Ein Geschenk des Himmels
Man fuhr mit der Kutsche vor, ließ sich eine Villa erbauen und genoss „die Dörfer unterm Himmel“. Längst hat sich die Stadt bis in die Weinberge ausgebreitet, Döbling ist aber dennoch ein beliebtes Ausflugsziele geblieben. Gründe dafür gibt es viele.

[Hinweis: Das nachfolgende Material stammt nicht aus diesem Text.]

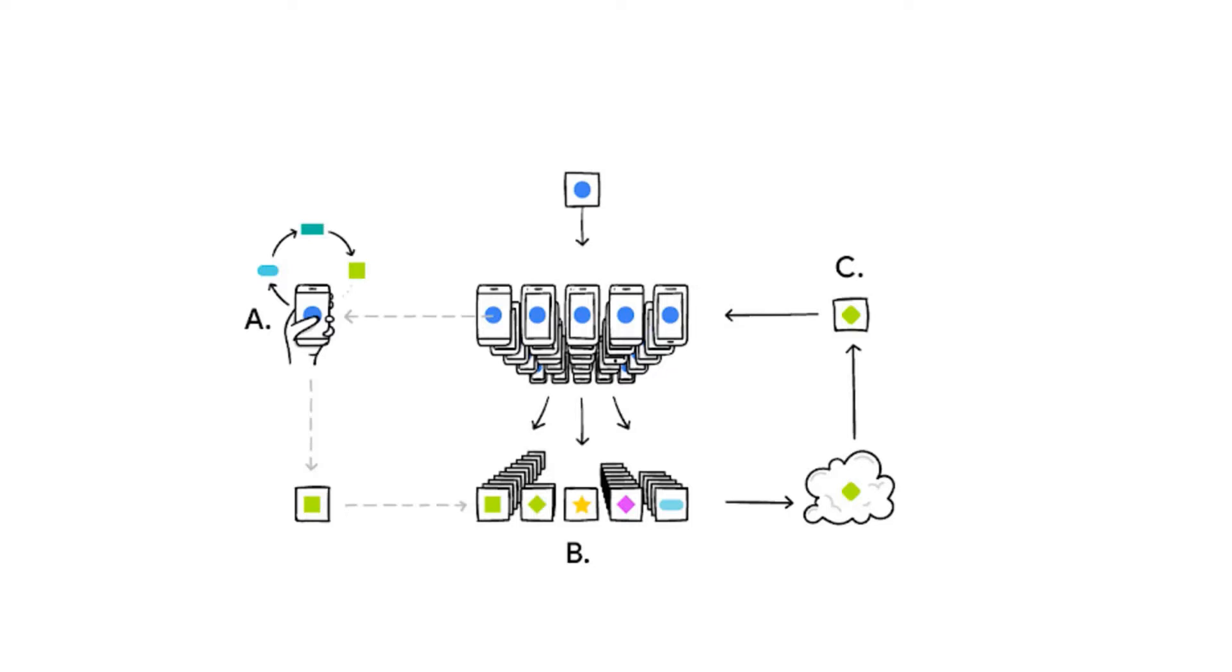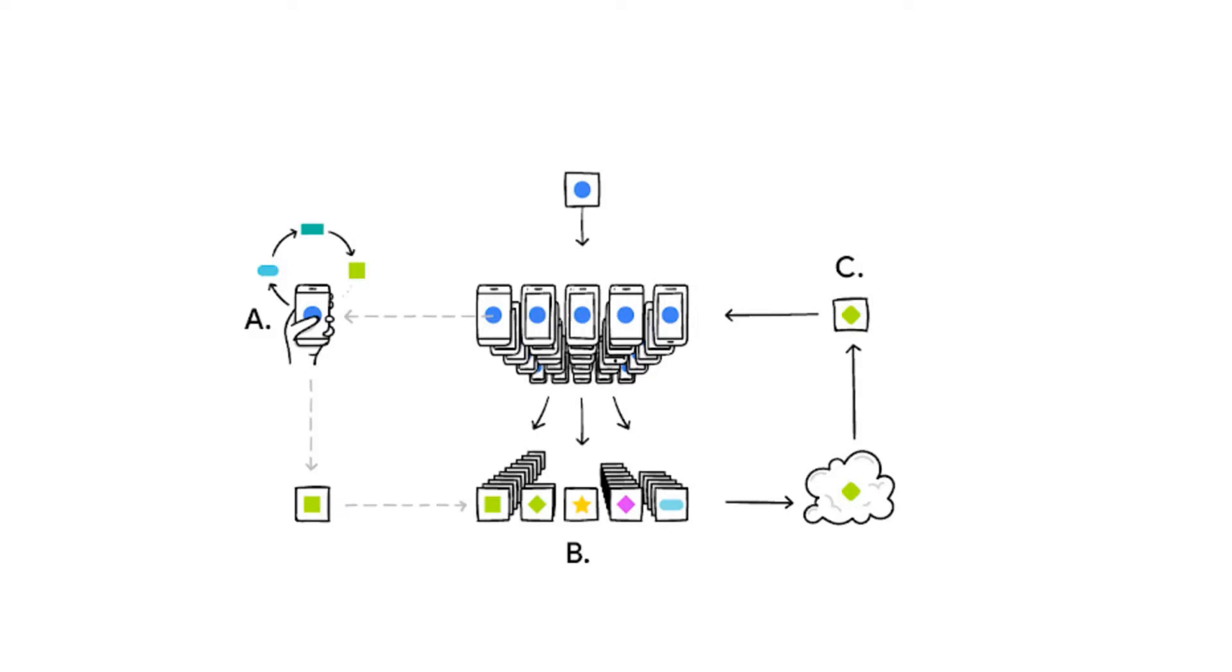Now for models trained from user interaction with mobile devices, we are introducing an additional approach, which is Federated Learning. Federated Learning enables mobile phones to collaboratively learn a shared prediction model while keeping all the training data on device, decoupling the ability to do machine learning from the need to store the data in the cloud. This goes beyond the use of local models that make predictions on mobile devices by bringing model training to the device as well.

Alle Wiener kommen in den Himmel. Das ist leicht, dafür müssen sie nicht einmal viel tun. Müssen weder Moralapostel sein, noch ein reines Gewissen haben. Ein Fahrschein reicht, wenn sie mit der „Bim“ unterwegs sind. Zu Fuß, mit dem Fahrrad oder mit dem Auto kommen sie auch an. Hauptsache sie machen sich auf den Weg. Die Rede ist vom „Himmel“ – dem Ausflugsziel, das über Döbling thront. Die Schriftstellerin Hilde Spiel hat darüber geschrieben. Als leidenschaftliche Döblingerin wusste sie wovon sie sprach. „Verliebt in Döbling” nannte sie ihr Buch und berichtete über die „Die Dörfer unterm Himmel”. „Döbling, vielleicht der schönste, sicherlich der traditionsreichste und geschichtsträchtigste Ort am Saume Wiens" heißt es da in ihren Worten.
„Hilde Spiel war natürlich auch eine Kundin von uns“, erzählt Georg Fritsch, der in der traditionsreichen Buchhandlung, die 1930 von den Schwestern Erna Steinbach und Hilde Glowacki gegründet wurde, seine Karriere als Lehrling begann und die Buchhandlung 1975 übernahm. Fritsch kennt die Gegend wie seine Westentasche: In- und auswendig und das seit über 50 Jahren. Döbling war schon immer ein Treffpunkt der Literaten, ein Ausflugsziel der Wiener. „Das war so ein Örtchen“, beginnt er und spricht von der “widersprüchlichen Mischung“ - die sich hier ansammelte: Anwälte, Ärzte, Juristen und Universitätsprofessoren, dazu die “proletarische Abteilung, die von Grinzing heraufströmte“ und dazwischen das bäuerliche Volk - Weinbauern und Bierbrauer gab es hier zuhauf.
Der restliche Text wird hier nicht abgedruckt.